Police believed the two cars had been bought with drug money because Harri­chand and his common-law wife, Ashika Maharaj, were not doing any legitimate work to earn money, she added.

Jeevan said three bank accounts belonging to Harrichand and Maharaj, who was present during the attachment of the property, had been frozen.

Said an angry Maharaj, who runs a crèche: “You always bring the media when you come to my house and this is ruining my business.”

Maharaj was given seven days in which to write an application giving reasons why the court should not attach the property and cars.

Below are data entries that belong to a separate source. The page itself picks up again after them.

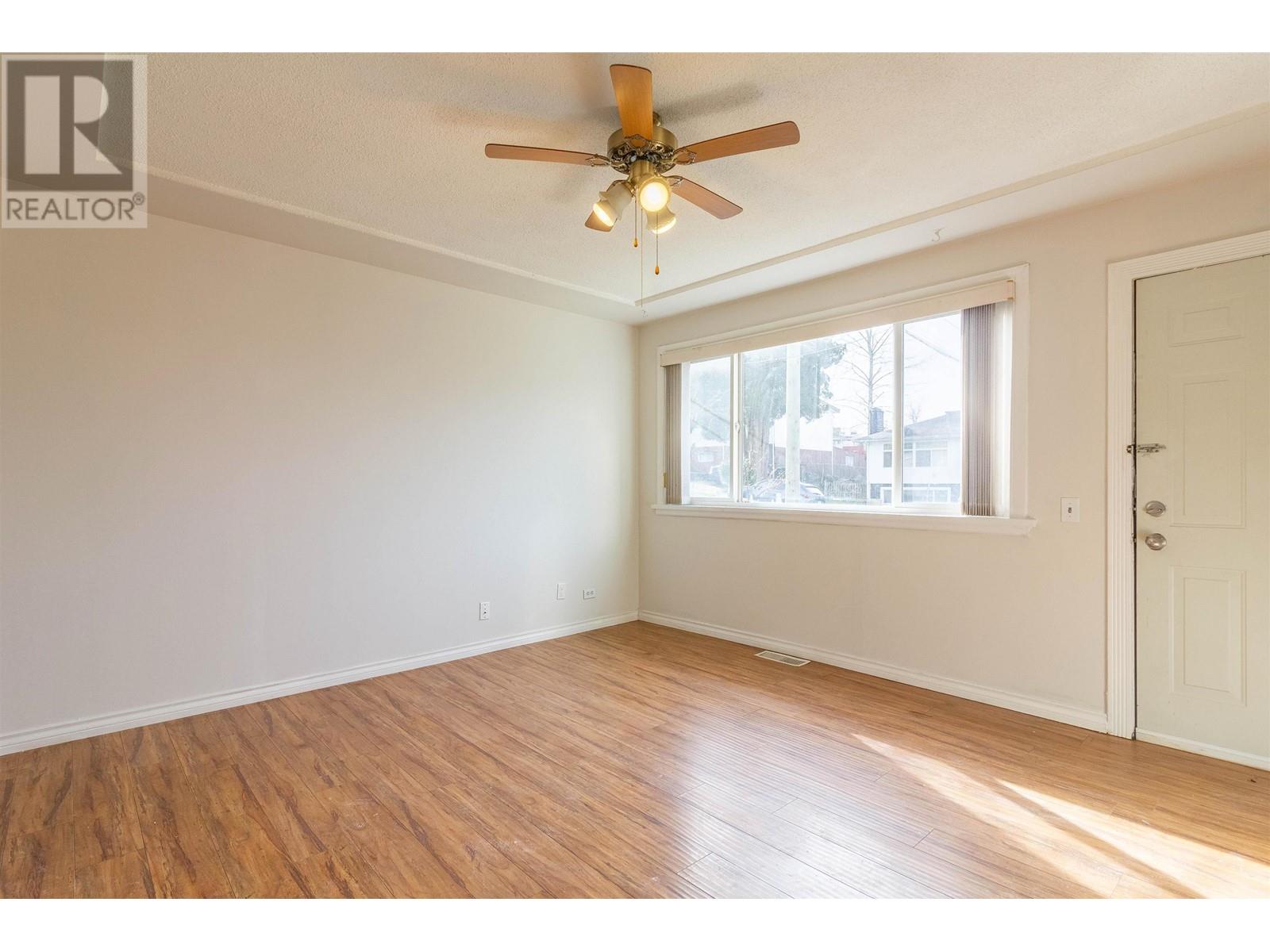 5630 Lincoln Street, Vancouver, British Columbia  V5R 4P4 - Photo 3 - R2988746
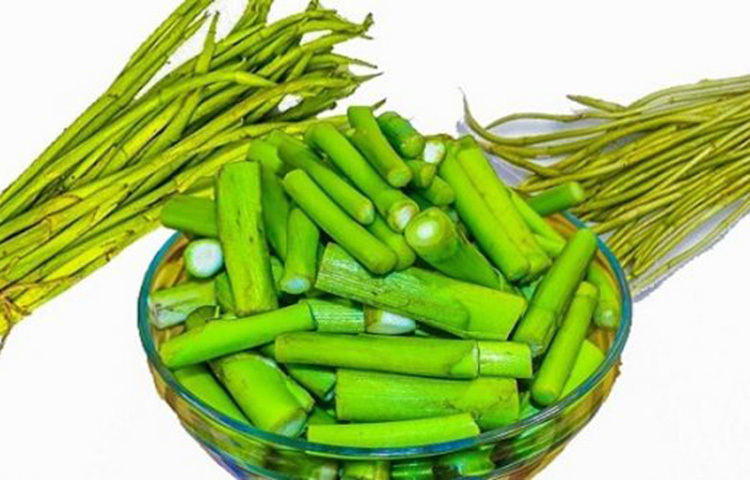 এভাবে পুরো অংশ পরিষ্কার করা হয়ে গেলে নিচে বাড়তি অংশ কেটে বাদ দিয়ে দিন। দেখবেন কত সহজে পরিষ্কার হয়ে যাবে লতি। ছবি: সংগৃহীত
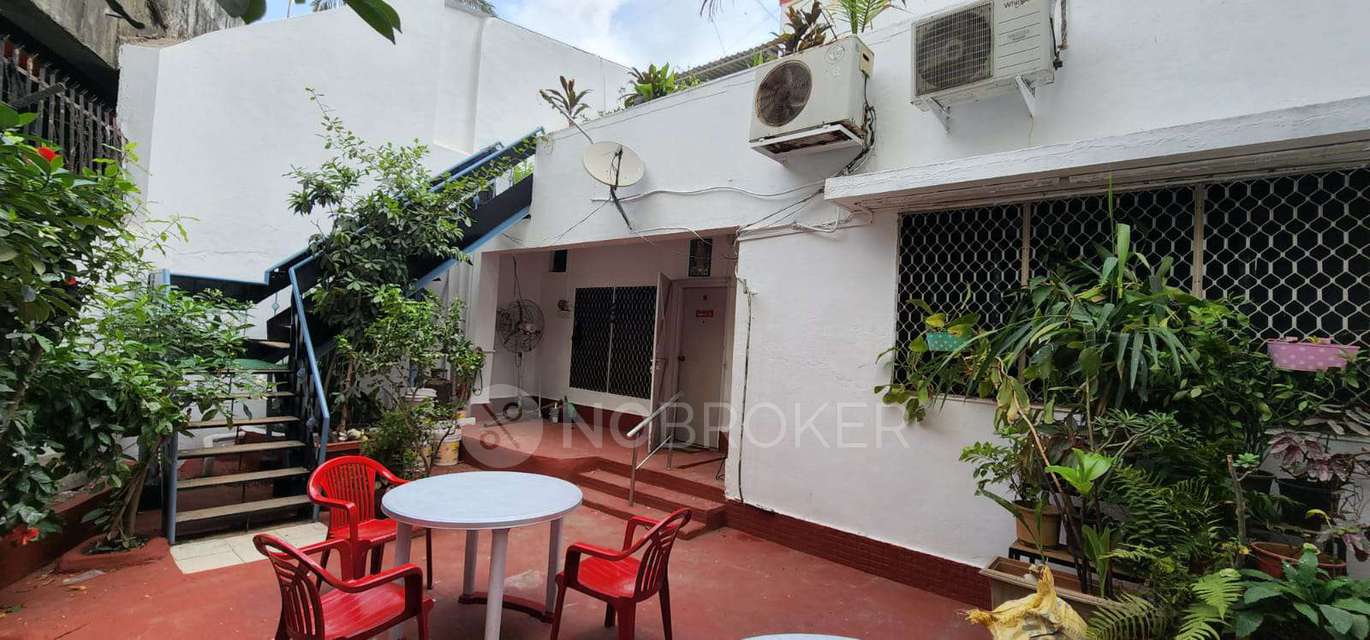 4 BHK Villa In Sai-trishul Chs For Sale  In Chembur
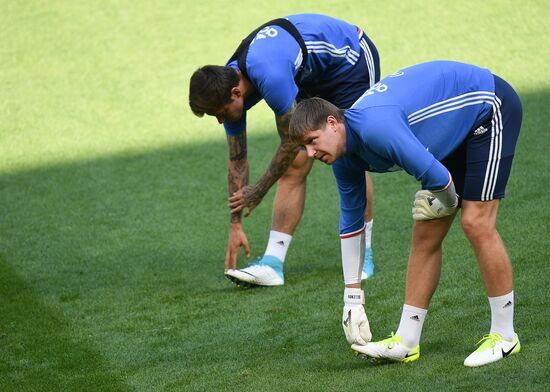 Russian national football team holds training session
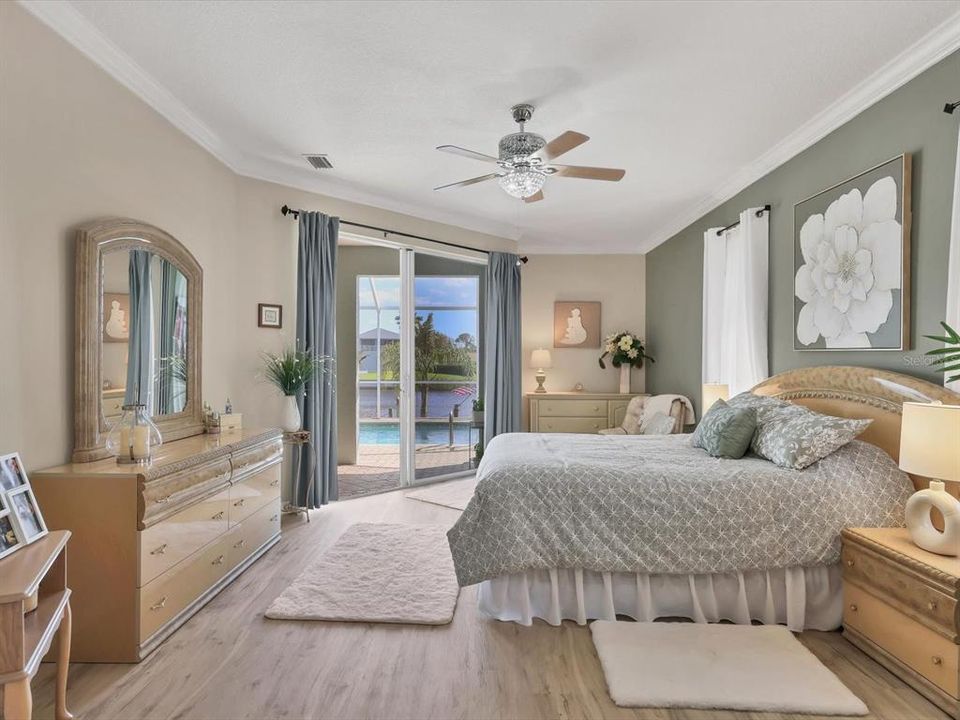 На продажу: $639,900 (3 спален, 2 ванн, 2011 Квадратных фут)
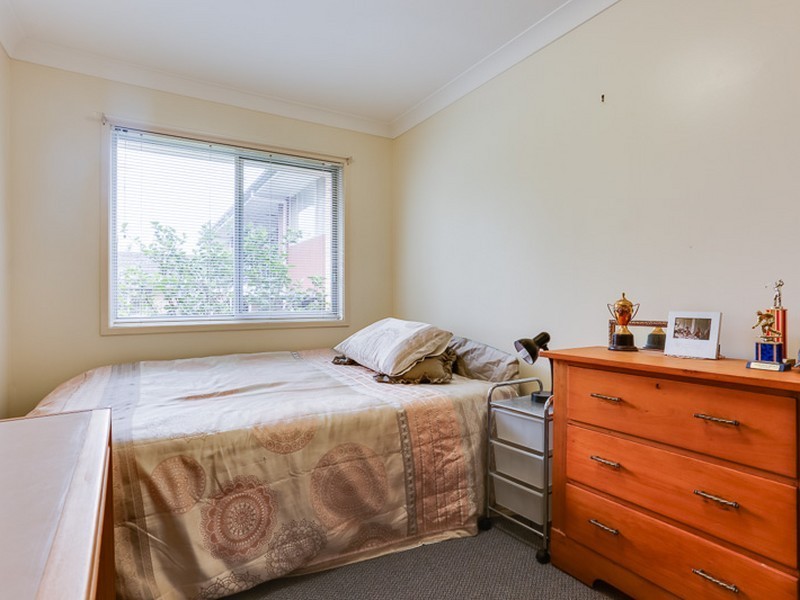 32 Fairlawn St, Nathan QLD 4111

Police said Harrichand would appear in the Pietermaritzburg Magistrate’s Court on July 23.

He has six previous convictions for possession and/or dealing in drugs, a previous conviction for contravening the Liquor Act and is awaiting trial on two charges of contravening the Liquor Act and Drug Trafficking Act respectively.

Maharaj has a previous conviction for possession and/or dealing in drugs (36 pieces of cocaine).

Court papers filed in support of the application to have Harrichand’s assets attached reveal that Maharaj is the holder of a bank account with Nedbank that received unusual amounts in cash deposits made by either Maharaj or Harri­chand.

Police concluded that these payments “can be deemed to be deposits of the proceeds of drug dealing activity”. The amounts were relatively high compared to those which could be deemed to be the profits obtained from running a crèche.

Maharaj paid cash for the two vehicles, Jeevan said, when at the time she was unemployed and had no legitimate source of income, strengthening the case that the cars were purchased with proceeds of her and Harrichand’s drug dealing.